Features that all GNSS have in common

While there are differences between them, the four established GNSS systems have several features in common.

For a start, they all provide the same fundamental service. The signals broadcast by their satellites contain data that allows a receiver to calculate its position, navigate from one waypoint to another, and timestamp events to a fine degree of precision (usually plus or minus 10 nanoseconds).

All four GNSS systems offer freely-available signals for civilian (consumer and commercial) use, as well as encrypted, high-accuracy signals for governmental authorized users and sensitive applications. The civilian signals are used by receivers embedded in a huge range of devices—from smartphones and fitness trackers to cars, trains, ships, planes and drones, while the encrypted signals are used to co-ordinate nation-state activities and protect critical functions.

Static infrastructure like electricity substations and cell towers also make use of GNSS signals for the precise timing data they provide, which is important for synchronizing operations across energy grids and wireless communications networks.

Each GNSS has a constellation of 24+ operational medium Earth orbit (MEO) satellites, plus spares, deployed into Medium Earth Orbit (MEO), and all provide global coverage enabling a position to be calculated through a process of trilateration. In the case of China’s BeiDou-3, these MEO satellites are also supported by satellites in geostationary (GEO) and inclined geosynchronous orbits (IGSO).

What is PNT? How does it differ from GNSS?

PNT stands for positioning, navigation and timing, and is the term used to describe any technology, service or system that’s designed to enable positioning, navigation and timing capabilities in the full range of relevant applications.

GNSS is therefore one example—indeed the classic example—of a PNT service. However, GNSS isn’t the only service that supports positioning, navigation and precise timing. In many PNT systems today, a GNSS receiver is just one of an array of sensors and services that together enable the kind of precise, accurate, robust and resilient positioning required by equipment like autonomous vehicles.

Non-GNSS PNT sensors and services

PNT sensors and services that can complement and augment GNSS include:

  • Satellite-based augmentation systems (SBAS), ground-based augmentation systems (GBAS), and regional navigation systems: A wide array of services exist which use additional signals, data and algorithms to increase the accuracy and precision of GNSS-derived positioning. These range from regional satellite navigation systems like India’s NavIC and Europe’s EGNOS, to ground-based systems like Real-Time Kinematic (RTK) and Precise Point Positioning (PPP).

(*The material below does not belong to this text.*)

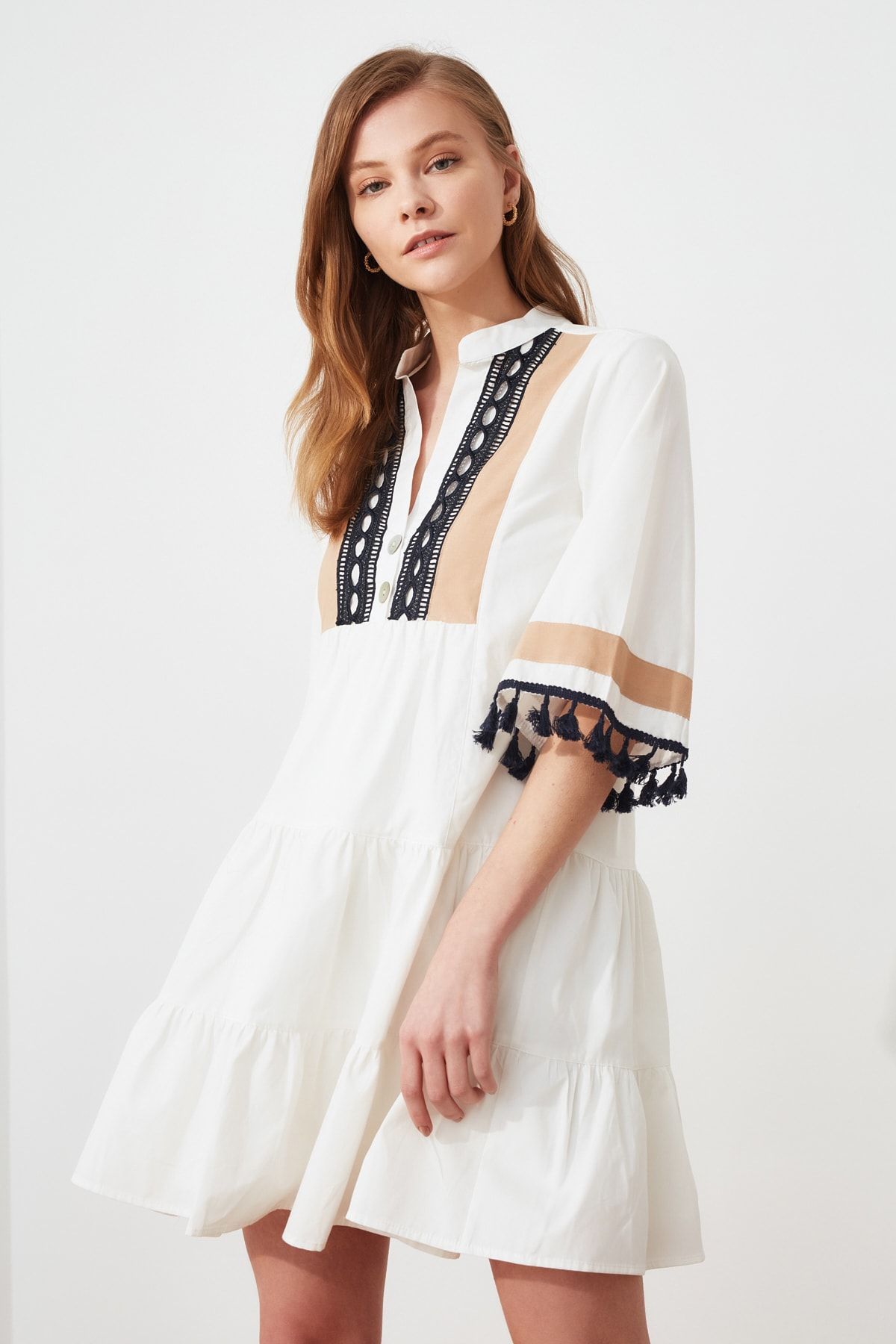 TRENDYOLMİLLA Beyaz İşlemeli Shift/Düz Kesim Astarlı Mini Dokuma Elbise TWOSS20EL1691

  • Inertial measurement units (IMUs): Also known as dead reckoning sensors, these include gyroscopes, accelerometers and altimeters. They deliver a relative positioning service, enabling a PNT system to continue to calculate a position when connection to a global positioning system (such as GNSS) is lost. However, drift in these systems means they require calibration by a precise global positioning system at regular intervals.

  • Oscillators: Crystal oscillators are embedded timing components which can maintain precise time for a certain period, but which start to drift if not regularly synchronized with a source of precise time such as GNSS.

  • Cameras: Camera vision is used in autonomous vehicles to detect obstacles, with the PNT system correlating the data with input from other sensors to calculate its position in relation to the vehicle.

  • Light Detection and Ranging (LiDAR): Similar to camera vision, LiDAR sensors can detect objects in the vicinity of the vehicle—data which can be used to calculate how far the vehicle is from the object and where the object is in relation to the vehicle.

  • Wi-Fi and cellular: Radio signals from known Wi-Fi access points and cellular (4G and 5G) towers can be used to establish position to a reasonable degree of accuracy. Wi-Fi positioning is particularly useful in indoor locations where the weak signals from GNSS often can’t penetrate.